HPC Software Carpentry - Lesson 3 - Transferring files
Learning Objectives
In this lesson you will learn:
- How to transfer files with FileZilla (Mac) and WinSCP (Windows)
- How to setup an ssh key
- How to transfer files with
scp
FileZilla and WinSCP
FileZilla (Mac) and WinSCP (Windows) are two software that provide a Graphical User Interface (GUI) to transfer files using a File Transfer Protocol (FTP). The first step will be to download them and install them. You can download the FileZilla client here and the WinSCP client here. [NOTE: these links might stop working in the future. If that’s the case simply search for FileZilla or WinSCP official website and there will be a link for download]. Once you have downloaded your respective FTP client it is time to create a connection with the HPC (below).
FileZilla
After downloading FileZilla, you will need to create a new ‘site’ within FileZilla. I am not sure why it is called a site but what it achieves is that is sets up the host (JCU HPC) and guest (you) details for you to connect to the HPC with FileZilla. Nigel and Wayne have provided a guide on how to achieve this as part of the HPC documentation, which can be found here. I stole their figures to replicate their guide, but for the most up to date guide in the future the official JCU Confluence website will be your go to place as things might change.

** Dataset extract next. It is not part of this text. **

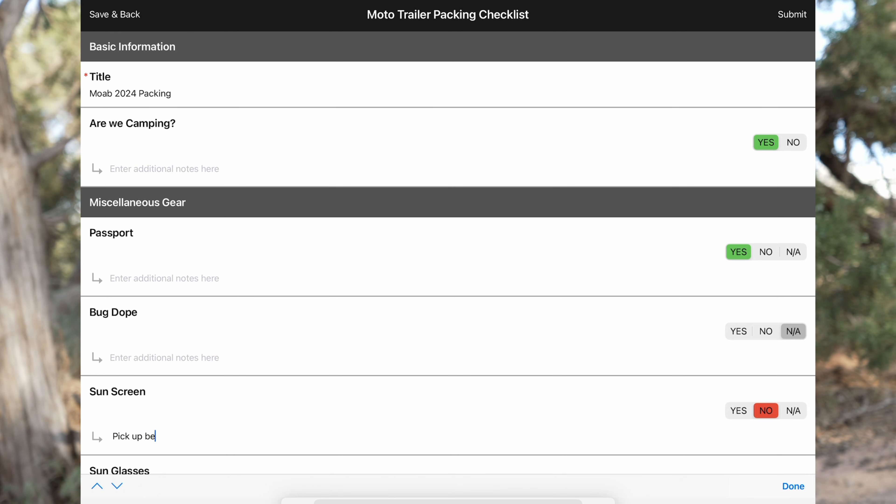Let's have a look at the checklist that we built before this trip. Print it off — a QR code stuck to the side of the trailer. You just want to make sure you have everything you need for that trip, and any identified deficiencies can be noted and routed to the right people.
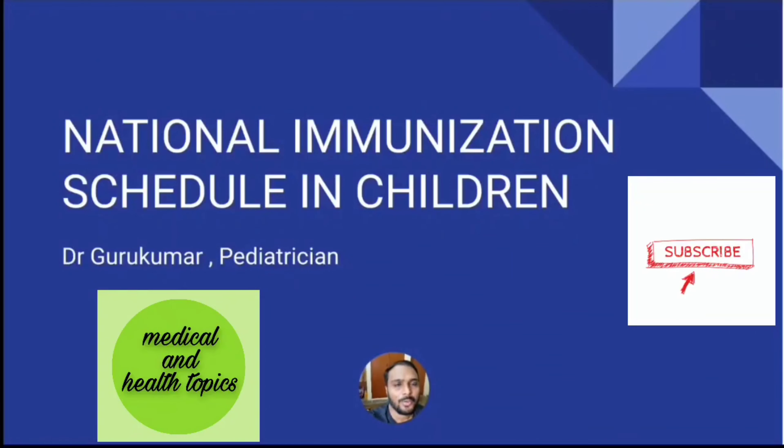Hi friends, welcome. I am Dr. Guru Kumar. Today we will discuss about National Immunization Schedule in Children.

Set up site for use with SSH keys
Start FileZilla and Select the File -> Site Manager
menu item.
Press the New Site
button.
Give your new site the name zodiac
Set the following host settings:
- Host: zodiac.hpc.jcu.edu.au
- Port: 8822
- Protocol: SFTP - SSF File Transfer Protocol
And the following account settings:
- Logon type: Normal
- User:
- Password:
Press the OK button.
Connect to site
From the site drop down menu on the top left select zodiac and press Connect
If you successfully connected you will now see your local site (e.g., your laptop) on the left, and the remote site (i.e., the HPC) on the right. Your home folder on the HPC will have the name jc000000
.
This is where you will store your data, scripts, outputs, etc. If you just created an HPC account this folder will be empty. If you want to transfer your raw data for analyses to the HPC you can drag it from its location on your local site on the left to your desired folder on the right.

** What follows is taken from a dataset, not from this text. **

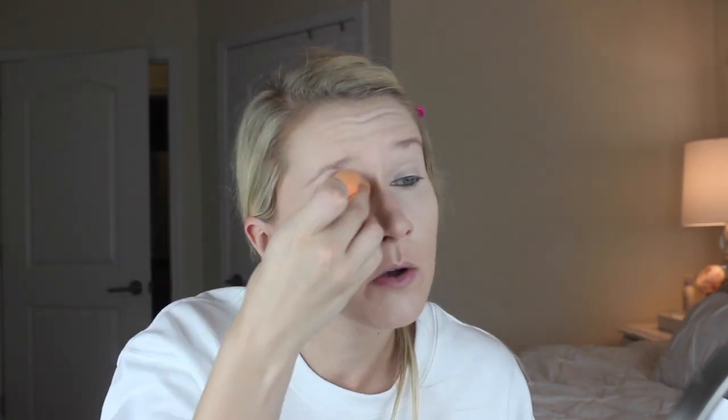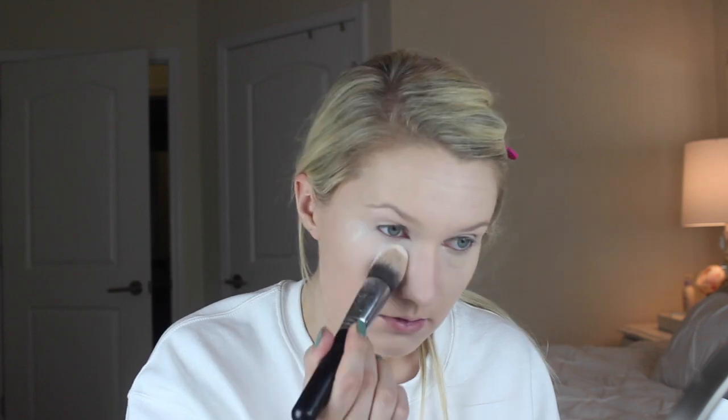Then I'm going in with the NARS Soft Matte Complete Concealer — loving this stuff. And I'm going to set with the Becca Under Eye Brightening Setting Powder. I sadly accidentally erased the footage of me doing my eye makeup for this look, so this is now just going to be a foundation routine for oily skin. That's also why I included the skincare at the beginning, because that's been helping keep me matte as well.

Well done! You are now all set up to transfer files between your laptop and the HPC.
A WORLD OF CAUTION: Be careful of how you use FileZilla and WinSCP. Sometimes you might accidentally move files into the wrong folder by dragging and struggle to locate them. Or even worse, if you delete a couple of files by right clicking and selecting delete it will be hard to know which files were selected, and you might accidentally delete a whole folder that you want to retain! I personally prefer to delete file through the command line with rm -i
. You will find your own way but just be careful as once deleted from the HPC it is gone!
WinSCP
Just like for FileZilla, for WinSCP as well the HPC team (aka Wayne) has created a useful set of instructions for first time users wanting to set up WinSCP on their laptop. I repeat them here, but for the most up to date guide always go to the JCU Confluence website. You can find Wayne’s post on WinSCP here.
Start WinSCP and Select New Session
on top left.
Set the following session settings:
- File protocol: SFTP
- Host name: zodiac.hpc.jcu.edu.au
- Port: 8822
- User name:
- Password:
Hit save for faster login next time and call the site something informative (e.g., HPC). Then click OK.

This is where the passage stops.